洗浄バッファー:洗浄バッファーは、非核酸成分を綿から選択的に洗い落とす溶液である。臨床試料が血液の場合、結合後、綿は褐色になる。色を取り除くためには、あるパーセンテージのエタノールを含む洗浄バッファー(洗浄バッファー1と呼ぶ)が役立つことが分かった。具体的には、最初の洗浄を、1〜99%(v/v)、好ましくは30〜70%(v/v)、より好ましくは50%(v/v)エタノールを含むバッファーまたは水を用いて行なった。必要な場合、非核酸成分を除去するために、複数回の水性エタノール洗浄を行なうことができるが、それは、試料に左右され得る。メタノール、n−プロパノール、2−プロパノール、グリセロール、PEG、PPG、エチレングリコール、プロピレングリコールまたは任意の他の水溶性アルコールを洗浄溶液中のエタノールに置き換えることができる。一価または二価の陽イオンがその組成として洗浄バッファー1とともに存在する洗浄バッファー2を用いることができる。洗浄バッファー1と2が同じ組成を有し、水、アルコールおよび一価または二価の陽イオンから構成され得ることも可能である。綿を洗浄バッファー1および2で洗浄する回数は、0〜10回、理想的には1〜3回の範囲であることができる。その後の洗浄は、通常、脱イオン水によるものであり、洗浄回数は、1〜10回、好ましくは2から5回、より好ましくは3〜5回であることができる。洗浄工程で用いる脱イオン水は、DNアーゼ、RNアーゼ不含水、またはミリQ水もしくは濾過水もしくは水道水もしくは地下水と置き換えることができる。
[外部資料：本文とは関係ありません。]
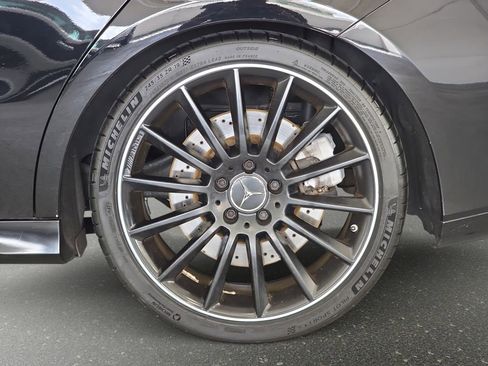 Used 2022 Mercedes-Benz CLA 35 AMG 4MATIC image 31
本発明者らは、水性アルコールによる最初の洗浄で非核酸成分のほとんどが除去され、その後、複数回の水(100%水)洗浄で残存アルコールが除去される傾向があることを認めた。水洗浄によって、得られる核酸がPCR可能で、PCRの阻害因子を全くまたは最小限しか含まないことが保証される。洗浄バッファーは、pH5〜12の範囲の、MgCl、CaCl、NaCl、KClのような塩、またはビシン、トリシン、トリス、HEPES、CHAPS、リン酸塩、酢酸塩、MES、ピリジン、ピペラジン、ビス−トリス、PIPES、ACES、BES、TES、ホウ酸塩、TAPS、CHES、CAPS、エタノールアミン、ピペリジンなどのようなバッファーを任意に含むことができる。バッファーまたは塩、それらの組合せは、1〜1000mM、好ましくは20〜200mMの範囲、より好ましくは約100mMの濃度であることができる。
溶出バッファー:任意の温かい(45〜99℃)水性バッファー溶液は、綿から核酸を溶出させることができる。溶出pHは、重要であることが分かったが、8〜11の範囲にあることが好ましく、核酸の完全な回収のために、溶出は、45〜99℃の温度で行なわれるべきである。溶出工程でのバッファー作製に用いられる脱イオン水は、DNアーゼ、RNアーゼ不含水、またはミリQ水もしくは濾過水もしくは水道水もしくは地下水と置き換えることができる。当技術水準で公知のバッファーとしては、溶出に使用可能なpH5〜12の範囲のビシン、トリシン、トリス、HEPES、CHAPS、リン酸塩、酢酸塩、MES、ピリジン、ピペラジン、ビス−トリス、PIPES、ACES、BES、TES、ホウ酸塩、TAPS、CHES、CAPS、エタノールアミン、ピペリジンなどが挙げられるが、最も好ましいバッファーは、7〜10の範囲のpKaを有するバッファーである。結合した核酸の溶出に綿を用いるときはいつでも、溶出バッファーは温かく、実際を考慮して、45〜99℃の範囲であるべきである。これは、文献に報告されているほとんどの方法と全く対照的である。それらの方法では、脱イオン水を用いて温かい条件で溶出を行なうが、綿に結合した核酸を温水で完全には溶出させることができず、バッファーまたは塩の存在が極めて重要である。塩は、0〜100mM、好ましくは5〜50mMの範囲の濃度のMgCl、CaCl、NaCl、KClなどであることができる。バッファーは、バッファー、すなわち、ビシン、トリシン、トリス、HEPES、CHAPS、リン酸塩、酢酸塩、MES、ピリジン、ピペラジン、ビス−トリス、PIPES、ACES、BES、TES、ホウ酸塩、TAPS、CHES、CAPS、エタノールアミン、ピペリジンの群から選択することができる。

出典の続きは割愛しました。